The traditional model for production has
been to get maximum productivity from capital equipment, and to run capacity as
close to maximum as possible. The rubber
and plastics industry is no exception to this traditional norm, but that norm
is changing in favor of a more adaptable model that is more closely aligned
with today’s market. Companies have
adopted such a model, running capacity no higher than 70% before bringing in
new capital equipment, and reducing the average amortization cost for tools
more than 50% over the last 10 years.
The sales cycle of industrial products has
shortened significantly over the last decade, and in some cases has been
reduced by more than ½. This is driven
largely by international competition, and a generally more innovative market
which is empowered by the blistering pace of technology. Industrial products from valve systems to
pumps are being reengineered and updated to meet international demands, and
products are being “sub categorized” into smaller, more succinct market
segments in order to compete globally, when it comes to seal devices. The days of American OEM’s offering simple
chocolate and vanilla flavored products are long gone – sub markets to satisfy
specifically targeted cultures and consumer groups are the driving force for
American industry today, and the engineering required to meet these specific
needs is more detailed and complex than ever.
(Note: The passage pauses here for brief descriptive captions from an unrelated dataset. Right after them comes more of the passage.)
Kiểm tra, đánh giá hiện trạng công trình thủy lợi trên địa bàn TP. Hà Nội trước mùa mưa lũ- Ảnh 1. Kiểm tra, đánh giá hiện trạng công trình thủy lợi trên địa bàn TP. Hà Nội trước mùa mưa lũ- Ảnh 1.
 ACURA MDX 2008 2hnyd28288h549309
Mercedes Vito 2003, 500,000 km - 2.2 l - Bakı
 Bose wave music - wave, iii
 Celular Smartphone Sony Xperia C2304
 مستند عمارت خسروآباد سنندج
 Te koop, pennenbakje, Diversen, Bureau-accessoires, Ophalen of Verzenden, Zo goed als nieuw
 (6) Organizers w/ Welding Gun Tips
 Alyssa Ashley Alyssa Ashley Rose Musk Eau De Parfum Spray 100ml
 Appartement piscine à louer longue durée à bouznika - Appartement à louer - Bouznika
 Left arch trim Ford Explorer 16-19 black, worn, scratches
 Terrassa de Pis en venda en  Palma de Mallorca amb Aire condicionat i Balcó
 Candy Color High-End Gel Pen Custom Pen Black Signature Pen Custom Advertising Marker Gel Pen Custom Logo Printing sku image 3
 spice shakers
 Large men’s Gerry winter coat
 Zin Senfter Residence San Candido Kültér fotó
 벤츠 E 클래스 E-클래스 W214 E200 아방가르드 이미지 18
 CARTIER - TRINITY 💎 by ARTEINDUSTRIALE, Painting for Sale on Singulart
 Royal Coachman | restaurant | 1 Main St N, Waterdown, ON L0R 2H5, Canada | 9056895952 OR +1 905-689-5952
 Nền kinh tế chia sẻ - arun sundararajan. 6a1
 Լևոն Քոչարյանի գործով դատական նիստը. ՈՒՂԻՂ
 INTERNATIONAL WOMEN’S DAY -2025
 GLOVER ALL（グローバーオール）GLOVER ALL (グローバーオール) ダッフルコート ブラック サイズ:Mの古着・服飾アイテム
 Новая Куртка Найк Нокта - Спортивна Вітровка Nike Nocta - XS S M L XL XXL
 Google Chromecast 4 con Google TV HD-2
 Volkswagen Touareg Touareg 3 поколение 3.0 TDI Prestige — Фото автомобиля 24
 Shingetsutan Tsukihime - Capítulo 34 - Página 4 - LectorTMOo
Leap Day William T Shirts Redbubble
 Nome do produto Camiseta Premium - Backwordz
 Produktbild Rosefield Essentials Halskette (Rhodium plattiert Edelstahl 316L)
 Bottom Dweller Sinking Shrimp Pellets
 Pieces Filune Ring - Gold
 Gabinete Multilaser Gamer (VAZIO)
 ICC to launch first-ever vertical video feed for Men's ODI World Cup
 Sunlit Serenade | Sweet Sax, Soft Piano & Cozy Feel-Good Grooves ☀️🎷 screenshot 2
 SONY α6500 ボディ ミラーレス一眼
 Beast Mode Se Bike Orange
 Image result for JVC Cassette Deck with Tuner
Companies have adopted a production model
to follow this trend. Companies utilize a modular tooling system for injection
molding, where most tools are fabricated with inserts which are retrofitted
into existing mold bases, which are optimized for the size and tonnage of the
machine they are mounted in. These
inserts are also standardized, which allows for a more economical baseline for
tooling costs. The amount of time and
effort required to change out inserts is also a fraction of the time necessary
to change out a dedicated mold, saving time and labor. Although the price per individual part is
normally slightly higher than the dedicated molds due to cycle time, the
dedicated molds are so much more expensive that the difference in price isn’t
enough to recoup the initial tooling through the life of the project. Our experience has been that product geometry
changes through the life of the project, so the low amortization tooling cost
allows for greater flexibility through the life of the project, keeps overall
costs to a minimum, and allows for quick and adaptable changes in production
scheduling.
The traditional approach to tooling
normally means more complex setup time for cycle optimization. This is worth the time and expense if the
production run is to be for an extended period (many days into weeks), but in
today’s market, these kind of production runs are becoming more the exception
than the rule. Manufacturers who can
adapt to the more fragmented and dynamic demands of the market have a distinct
advantage, even with a higher part cost.
O Rings keep capacity constraints buffered,
amortization costs low, and response/adaptability to customer demand at its
maximum level in order to compete in today’s dynamic market.